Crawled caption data
•••••

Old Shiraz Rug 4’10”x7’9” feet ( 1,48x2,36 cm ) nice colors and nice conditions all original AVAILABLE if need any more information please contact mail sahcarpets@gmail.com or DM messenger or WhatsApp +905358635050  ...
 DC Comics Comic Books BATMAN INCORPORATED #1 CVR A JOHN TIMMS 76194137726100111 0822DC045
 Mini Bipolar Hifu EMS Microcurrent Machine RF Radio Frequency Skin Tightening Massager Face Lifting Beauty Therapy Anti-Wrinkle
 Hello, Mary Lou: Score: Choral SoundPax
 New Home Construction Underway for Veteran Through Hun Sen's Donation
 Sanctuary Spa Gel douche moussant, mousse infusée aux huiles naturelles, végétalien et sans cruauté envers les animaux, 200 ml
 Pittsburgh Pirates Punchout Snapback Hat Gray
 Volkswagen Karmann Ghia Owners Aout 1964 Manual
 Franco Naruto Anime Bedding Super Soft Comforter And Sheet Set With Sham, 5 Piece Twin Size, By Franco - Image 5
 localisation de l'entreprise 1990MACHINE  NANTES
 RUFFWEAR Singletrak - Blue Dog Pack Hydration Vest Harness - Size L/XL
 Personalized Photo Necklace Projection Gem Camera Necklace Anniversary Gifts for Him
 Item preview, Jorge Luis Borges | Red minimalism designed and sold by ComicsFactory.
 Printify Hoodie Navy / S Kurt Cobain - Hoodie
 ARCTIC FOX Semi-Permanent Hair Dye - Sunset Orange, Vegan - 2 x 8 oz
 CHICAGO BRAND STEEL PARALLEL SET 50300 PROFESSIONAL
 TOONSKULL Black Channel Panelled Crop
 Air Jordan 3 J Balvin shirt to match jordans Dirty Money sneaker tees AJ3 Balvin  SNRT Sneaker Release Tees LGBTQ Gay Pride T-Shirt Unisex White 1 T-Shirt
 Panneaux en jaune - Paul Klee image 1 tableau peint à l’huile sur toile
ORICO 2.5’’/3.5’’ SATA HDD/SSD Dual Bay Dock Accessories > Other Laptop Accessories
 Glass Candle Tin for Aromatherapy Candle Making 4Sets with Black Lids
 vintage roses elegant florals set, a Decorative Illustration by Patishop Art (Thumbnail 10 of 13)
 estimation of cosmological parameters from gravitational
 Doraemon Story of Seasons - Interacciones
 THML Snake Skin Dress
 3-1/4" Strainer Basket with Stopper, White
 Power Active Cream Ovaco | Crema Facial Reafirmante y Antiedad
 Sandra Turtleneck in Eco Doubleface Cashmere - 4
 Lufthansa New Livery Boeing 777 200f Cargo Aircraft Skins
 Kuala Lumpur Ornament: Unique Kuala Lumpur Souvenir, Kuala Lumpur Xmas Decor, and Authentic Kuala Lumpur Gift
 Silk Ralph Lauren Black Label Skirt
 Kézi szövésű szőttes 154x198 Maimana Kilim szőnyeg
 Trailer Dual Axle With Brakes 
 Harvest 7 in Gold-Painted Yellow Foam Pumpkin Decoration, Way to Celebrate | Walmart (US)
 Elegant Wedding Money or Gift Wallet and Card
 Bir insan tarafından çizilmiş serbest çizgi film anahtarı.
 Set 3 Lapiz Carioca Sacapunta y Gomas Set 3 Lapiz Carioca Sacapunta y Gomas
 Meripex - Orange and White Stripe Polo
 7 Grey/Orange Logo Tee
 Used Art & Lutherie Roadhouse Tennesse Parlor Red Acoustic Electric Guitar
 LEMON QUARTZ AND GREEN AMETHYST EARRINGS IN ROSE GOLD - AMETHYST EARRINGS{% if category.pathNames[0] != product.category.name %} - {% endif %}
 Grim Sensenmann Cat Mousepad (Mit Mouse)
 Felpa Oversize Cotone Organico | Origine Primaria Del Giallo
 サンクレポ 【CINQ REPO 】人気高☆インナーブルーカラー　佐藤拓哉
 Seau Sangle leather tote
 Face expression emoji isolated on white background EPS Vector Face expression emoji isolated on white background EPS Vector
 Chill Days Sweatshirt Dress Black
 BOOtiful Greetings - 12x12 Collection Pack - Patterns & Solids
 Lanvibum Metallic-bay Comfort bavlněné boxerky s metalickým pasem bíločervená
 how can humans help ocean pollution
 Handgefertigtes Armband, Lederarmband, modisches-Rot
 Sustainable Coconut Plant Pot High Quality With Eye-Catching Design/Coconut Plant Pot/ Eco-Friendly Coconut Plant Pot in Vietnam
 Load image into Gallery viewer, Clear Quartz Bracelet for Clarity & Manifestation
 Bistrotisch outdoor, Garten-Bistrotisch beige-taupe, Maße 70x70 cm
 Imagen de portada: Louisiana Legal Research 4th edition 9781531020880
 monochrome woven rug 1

•••••

Your answer must be the records themselves, output again exactly.

Finished exercise:
Old Shiraz Rug 4’10”x7’9” feet ( 1,48x2,36 cm ) nice colors and nice conditions all original AVAILABLE if need any more information please contact mail sahcarpets@gmail.com or DM messenger or WhatsApp +905358635050  ...
 DC Comics Comic Books BATMAN INCORPORATED #1 CVR A JOHN TIMMS 76194137726100111 0822DC045
 Mini Bipolar Hifu EMS Microcurrent Machine RF Radio Frequency Skin Tightening Massager Face Lifting Beauty Therapy Anti-Wrinkle
 Hello, Mary Lou: Score: Choral SoundPax
 New Home Construction Underway for Veteran Through Hun Sen's Donation
 Sanctuary Spa Gel douche moussant, mousse infusée aux huiles naturelles, végétalien et sans cruauté envers les animaux, 200 ml
 Pittsburgh Pirates Punchout Snapback Hat Gray
 Volkswagen Karmann Ghia Owners Aout 1964 Manual
 Franco Naruto Anime Bedding Super Soft Comforter And Sheet Set With Sham, 5 Piece Twin Size, By Franco - Image 5
 localisation de l'entreprise 1990MACHINE  NANTES
 RUFFWEAR Singletrak - Blue Dog Pack Hydration Vest Harness - Size L/XL
 Personalized Photo Necklace Projection Gem Camera Necklace Anniversary Gifts for Him
 Item preview, Jorge Luis Borges | Red minimalism designed and sold by ComicsFactory.
 Printify Hoodie Navy / S Kurt Cobain - Hoodie
 ARCTIC FOX Semi-Permanent Hair Dye - Sunset Orange, Vegan - 2 x 8 oz
 CHICAGO BRAND STEEL PARALLEL SET 50300 PROFESSIONAL
 TOONSKULL Black Channel Panelled Crop
 Air Jordan 3 J Balvin shirt to match jordans Dirty Money sneaker tees AJ3 Balvin  SNRT Sneaker Release Tees LGBTQ Gay Pride T-Shirt Unisex White 1 T-Shirt
 Panneaux en jaune - Paul Klee image 1 tableau peint à l’huile sur toile
ORICO 2.5’’/3.5’’ SATA HDD/SSD Dual Bay Dock Accessories > Other Laptop Accessories
 Glass Candle Tin for Aromatherapy Candle Making 4Sets with Black Lids
 vintage roses elegant florals set, a Decorative Illustration by Patishop Art (Thumbnail 10 of 13)
 estimation of cosmological parameters from gravitational
 Doraemon Story of Seasons - Interacciones
 THML Snake Skin Dress
 3-1/4" Strainer Basket with Stopper, White
 Power Active Cream Ovaco | Crema Facial Reafirmante y Antiedad
 Sandra Turtleneck in Eco Doubleface Cashmere - 4
 Lufthansa New Livery Boeing 777 200f Cargo Aircraft Skins
 Kuala Lumpur Ornament: Unique Kuala Lumpur Souvenir, Kuala Lumpur Xmas Decor, and Authentic Kuala Lumpur Gift
 Silk Ralph Lauren Black Label Skirt
 Kézi szövésű szőttes 154x198 Maimana Kilim szőnyeg
 Trailer Dual Axle With Brakes 
 Harvest 7 in Gold-Painted Yellow Foam Pumpkin Decoration, Way to Celebrate | Walmart (US)
 Elegant Wedding Money or Gift Wallet and Card
 Bir insan tarafından çizilmiş serbest çizgi film anahtarı.
 Set 3 Lapiz Carioca Sacapunta y Gomas Set 3 Lapiz Carioca Sacapunta y Gomas
 Meripex - Orange and White Stripe Polo
 7 Grey/Orange Logo Tee
 Used Art & Lutherie Roadhouse Tennesse Parlor Red Acoustic Electric Guitar
 LEMON QUARTZ AND GREEN AMETHYST EARRINGS IN ROSE GOLD - AMETHYST EARRINGS{% if category.pathNames[0] != product.category.name %} - {% endif %}
 Grim Sensenmann Cat Mousepad (Mit Mouse)
 Felpa Oversize Cotone Organico | Origine Primaria Del Giallo
 サンクレポ 【CINQ REPO 】人気高☆インナーブルーカラー　佐藤拓哉
 Seau Sangle leather tote
 Face expression emoji isolated on white background EPS Vector Face expression emoji isolated on white background EPS Vector
 Chill Days Sweatshirt Dress Black
 BOOtiful Greetings - 12x12 Collection Pack - Patterns & Solids
 Lanvibum Metallic-bay Comfort bavlněné boxerky s metalickým pasem bíločervená
 how can humans help ocean pollution
 Handgefertigtes Armband, Lederarmband, modisches-Rot
 Sustainable Coconut Plant Pot High Quality With Eye-Catching Design/Coconut Plant Pot/ Eco-Friendly Coconut Plant Pot in Vietnam
 Load image into Gallery viewer, Clear Quartz Bracelet for Clarity & Manifestation
 Bistrotisch outdoor, Garten-Bistrotisch beige-taupe, Maße 70x70 cm
 Imagen de portada: Louisiana Legal Research 4th edition 9781531020880
 monochrome woven rug 1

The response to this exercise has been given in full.